Everton fans never doubted Wayne Rooney’s potential; nor did Manchester United fans, though they may have wondered about the timeline. Sven Goran Eriksson, meanwhile, was never in any doubt.

The Swede, during his spell as manager of England, may have been blandly diplomatic about his players on occasion, but about Rooney he never wavered: “The most remarkably talented young player I have ever worked with.”

Considering that Eriksson had worked with the best youngsters in re-emerging Sweden, then at the highest levels in Italy and Portugal – and spent vast amounts of time visiting and observing in other top nations – that was praise indeed.

Now 24, Rooney appears on the brink of fulfilling all that potential with both club and country, just over seven years since first shooting – literally – to fame when, in October 2002, he scored a spectacular last-minute winner for Everton against Arsenal.

His senior England debut in February 2003 saw him become the country’s youngest international at the time, and he remains England’s youngest goalscorer courtesy of a strike against Macedonia in September 2003.

A broken metatarsal in the quarter-finals against Portugal wrecked Euro 2004 for Rooney (and England) after he had run up four goals against Switzerland and Croatia in the group stage.

Two years later the same jinx opposition saw England halted at the quarter-finals stage in the 2006 World Cup after Rooney was sent off in disgrace for stamping on Ricardo Carvalho. Some excused Rooney’s petulance on the nervy panic which surrounded his late recovery from a foot injury.

Cristiano Ronaldo, a United team-mate at the time, aroused intense ire within the English game for a wink to Portugal’s bench as Rooney tramped from the pitch in Gelsenkirchen.
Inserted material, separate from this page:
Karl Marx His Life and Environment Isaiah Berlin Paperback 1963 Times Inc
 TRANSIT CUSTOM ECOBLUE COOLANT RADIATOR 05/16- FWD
Now, with roles reversed, it has been Ronaldo’s own departure (for Real Madrid) which has opened the way for Rooney’s step up in quality and effect.

In European qualifying for the 2010 World Cup, only Greece’s Theo Gekas scored more than Rooney’s nine goals in nine matches – and his domestic form has been magisterial, freed to lead the United attack with power, pace and drive.

In the League Cup Final against Aston Villa he came off the bench just before half-time, despite a knee problem, to score the winner – with a remarkable seventh headed goal out of his last eight.

That goal was Rooney’s 28th of the season in all competitions, a total which included the 23 in the Premier League to fire him into leadership of not domestic competition (four clear of Didier Drogba) but also of the pan-European Golden Shoe.

Rooney leads the ESM standings, ahead of Ajax forward Luis Suarez, Drogba and Antonio Di Natale of Udinese.

Rooney has been in unstoppable form. In the short term, Chelsea should beware; in the longer term, so should every other nation heading for the World Cup finals.